Science studies — as I am using the term here — is a bit more fuzzy, as it includes a number of approaches to the study of science that are not necessarily compatible with each other in a straightforward manner. This includes philosophers who use what may be termed an ethnographic approach to science (e.g., Latour and Woolgar 1986), those who are interested in cross-cultural comparisons among similar types of science laboratories (Traweek 1988), and those who take a feminist approach to scientific epistemology (Keller 1983; Longino 1990), among others. What these authors have in common is a focus on the social and political dimensions of science, which is seen primarily as a human activity characterized by ideologies and issues of power.
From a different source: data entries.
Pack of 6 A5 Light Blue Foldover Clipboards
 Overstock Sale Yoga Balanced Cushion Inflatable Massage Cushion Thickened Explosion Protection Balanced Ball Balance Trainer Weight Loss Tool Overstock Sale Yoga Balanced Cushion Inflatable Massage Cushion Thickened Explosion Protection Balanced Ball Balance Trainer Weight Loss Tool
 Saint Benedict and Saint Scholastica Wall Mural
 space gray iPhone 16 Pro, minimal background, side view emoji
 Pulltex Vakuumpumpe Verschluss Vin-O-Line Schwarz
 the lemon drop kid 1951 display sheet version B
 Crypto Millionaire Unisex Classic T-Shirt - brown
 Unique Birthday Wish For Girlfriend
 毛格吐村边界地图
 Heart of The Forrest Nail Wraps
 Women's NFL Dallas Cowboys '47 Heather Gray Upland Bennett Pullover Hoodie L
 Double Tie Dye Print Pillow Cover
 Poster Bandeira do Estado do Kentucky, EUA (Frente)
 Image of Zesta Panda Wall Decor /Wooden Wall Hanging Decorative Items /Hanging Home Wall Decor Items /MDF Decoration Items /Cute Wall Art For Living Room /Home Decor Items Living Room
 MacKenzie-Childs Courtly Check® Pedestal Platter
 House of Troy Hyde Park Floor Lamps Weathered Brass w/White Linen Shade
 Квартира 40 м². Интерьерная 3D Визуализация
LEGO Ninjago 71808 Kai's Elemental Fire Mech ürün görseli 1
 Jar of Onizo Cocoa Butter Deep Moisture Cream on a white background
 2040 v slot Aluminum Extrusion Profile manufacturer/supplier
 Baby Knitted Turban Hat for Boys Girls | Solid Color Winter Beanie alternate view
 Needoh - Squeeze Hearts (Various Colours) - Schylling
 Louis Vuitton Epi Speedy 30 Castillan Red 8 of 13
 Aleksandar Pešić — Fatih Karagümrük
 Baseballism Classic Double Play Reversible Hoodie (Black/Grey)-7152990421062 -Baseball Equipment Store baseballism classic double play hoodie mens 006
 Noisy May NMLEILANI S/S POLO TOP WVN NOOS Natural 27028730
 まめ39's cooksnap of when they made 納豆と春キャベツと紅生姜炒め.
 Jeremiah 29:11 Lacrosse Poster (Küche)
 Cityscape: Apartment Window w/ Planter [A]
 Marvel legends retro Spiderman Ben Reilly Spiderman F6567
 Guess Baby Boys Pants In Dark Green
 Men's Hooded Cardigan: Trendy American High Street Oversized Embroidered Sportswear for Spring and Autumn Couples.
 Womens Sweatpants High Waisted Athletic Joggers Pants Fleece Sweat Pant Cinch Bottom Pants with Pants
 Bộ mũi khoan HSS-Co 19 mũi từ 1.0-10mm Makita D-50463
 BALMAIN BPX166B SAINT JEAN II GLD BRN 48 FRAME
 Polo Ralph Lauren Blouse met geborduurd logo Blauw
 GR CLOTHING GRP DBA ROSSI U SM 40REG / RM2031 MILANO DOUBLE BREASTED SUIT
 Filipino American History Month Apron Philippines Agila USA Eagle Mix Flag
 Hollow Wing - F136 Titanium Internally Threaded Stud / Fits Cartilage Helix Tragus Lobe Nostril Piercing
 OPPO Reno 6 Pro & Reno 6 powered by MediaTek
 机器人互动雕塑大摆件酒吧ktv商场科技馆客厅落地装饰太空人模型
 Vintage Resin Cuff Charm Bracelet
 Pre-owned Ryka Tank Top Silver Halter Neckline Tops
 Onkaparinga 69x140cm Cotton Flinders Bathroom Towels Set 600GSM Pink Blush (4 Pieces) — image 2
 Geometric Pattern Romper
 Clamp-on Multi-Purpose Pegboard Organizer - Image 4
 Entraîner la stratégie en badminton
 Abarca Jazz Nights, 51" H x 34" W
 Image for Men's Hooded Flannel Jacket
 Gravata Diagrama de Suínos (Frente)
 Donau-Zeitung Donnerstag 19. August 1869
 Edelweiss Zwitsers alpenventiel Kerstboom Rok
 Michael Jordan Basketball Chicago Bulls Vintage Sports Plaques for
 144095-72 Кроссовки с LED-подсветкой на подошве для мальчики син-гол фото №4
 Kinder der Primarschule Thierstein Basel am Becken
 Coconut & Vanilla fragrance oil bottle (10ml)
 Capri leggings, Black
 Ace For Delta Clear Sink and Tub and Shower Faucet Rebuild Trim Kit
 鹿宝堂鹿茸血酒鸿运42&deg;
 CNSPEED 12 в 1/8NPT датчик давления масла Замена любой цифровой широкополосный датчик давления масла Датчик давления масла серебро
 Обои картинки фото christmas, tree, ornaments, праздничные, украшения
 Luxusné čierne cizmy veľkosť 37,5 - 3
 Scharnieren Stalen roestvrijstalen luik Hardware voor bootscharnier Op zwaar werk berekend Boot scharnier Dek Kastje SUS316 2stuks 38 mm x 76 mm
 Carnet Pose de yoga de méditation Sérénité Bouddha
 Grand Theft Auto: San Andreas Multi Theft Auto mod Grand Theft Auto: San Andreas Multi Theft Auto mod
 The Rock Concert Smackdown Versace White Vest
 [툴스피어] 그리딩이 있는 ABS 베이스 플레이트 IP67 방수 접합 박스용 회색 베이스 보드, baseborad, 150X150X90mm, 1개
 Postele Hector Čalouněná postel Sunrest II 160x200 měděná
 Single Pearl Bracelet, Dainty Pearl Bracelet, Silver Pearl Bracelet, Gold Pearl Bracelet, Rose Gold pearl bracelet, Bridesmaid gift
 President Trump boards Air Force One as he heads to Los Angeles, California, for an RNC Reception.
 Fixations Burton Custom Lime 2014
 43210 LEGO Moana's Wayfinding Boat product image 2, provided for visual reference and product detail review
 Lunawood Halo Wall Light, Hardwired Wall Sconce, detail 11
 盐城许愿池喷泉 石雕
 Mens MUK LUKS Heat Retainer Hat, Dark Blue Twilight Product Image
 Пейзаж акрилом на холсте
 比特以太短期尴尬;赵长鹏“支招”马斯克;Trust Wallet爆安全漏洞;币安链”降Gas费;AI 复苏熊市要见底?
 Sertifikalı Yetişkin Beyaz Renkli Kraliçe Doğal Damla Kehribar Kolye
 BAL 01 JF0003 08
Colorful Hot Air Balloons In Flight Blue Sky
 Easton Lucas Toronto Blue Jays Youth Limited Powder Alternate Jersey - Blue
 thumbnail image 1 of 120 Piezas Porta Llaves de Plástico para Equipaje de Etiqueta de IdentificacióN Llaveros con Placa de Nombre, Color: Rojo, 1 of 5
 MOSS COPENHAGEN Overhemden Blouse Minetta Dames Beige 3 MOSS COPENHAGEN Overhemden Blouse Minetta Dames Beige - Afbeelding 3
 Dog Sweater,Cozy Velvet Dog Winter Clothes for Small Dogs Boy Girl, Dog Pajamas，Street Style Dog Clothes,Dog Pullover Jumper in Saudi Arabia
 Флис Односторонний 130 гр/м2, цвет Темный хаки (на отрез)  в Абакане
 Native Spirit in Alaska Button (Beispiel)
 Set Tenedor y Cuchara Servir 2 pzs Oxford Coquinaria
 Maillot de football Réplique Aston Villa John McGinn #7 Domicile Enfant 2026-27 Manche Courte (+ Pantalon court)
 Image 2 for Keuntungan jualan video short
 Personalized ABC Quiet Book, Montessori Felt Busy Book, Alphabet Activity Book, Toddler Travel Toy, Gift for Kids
The clash between the two perspectives has led to the already mentioned “science wars” of the 1990s, of which the iconic moment was represented by the highly controversial “Sokal affair” (Sokal and Bricmont 2003). As is well known, New York University physicist Alan Sokal, fed up with what he perceived (at the least in part, it must be said, rightly) as postmodernist nonsense about science, concocted a fake paper entitled “Transgressing the Boundaries: Towards a Transformative Hermeneutics of Quantum Gravity,” submitted it to the editors of the prestigious postmodernist journal Social Text, and managed to get it published before exposing it as a hoax. While certainly shaming for the editors involved, and a highly visible black mark for a certain way of criticizing science, the import of the affair should probably not have been as large as it turned out to be. Sokal himself recognized that one can hardly impugn an entire tradition of scholarship on the basis of one editorial mistake, particularly given that Social Text is not even a peer reviewed publication. Nonetheless, one can understand the frustration of scientists (and of analytical philosophers of science) in the face of, for instance, extreme feminist epistemology, where one author boasts (with little to back up her rather extraordinary claim) that “I doubt in our wildest dreams we ever imagined we would have to reinvent both science and theorizing itself” (Harding 1989); or of Bruno Latour’s (1988) scientifically naive psychoanalytical re-interpretation of Einstein’s theory of general relativity.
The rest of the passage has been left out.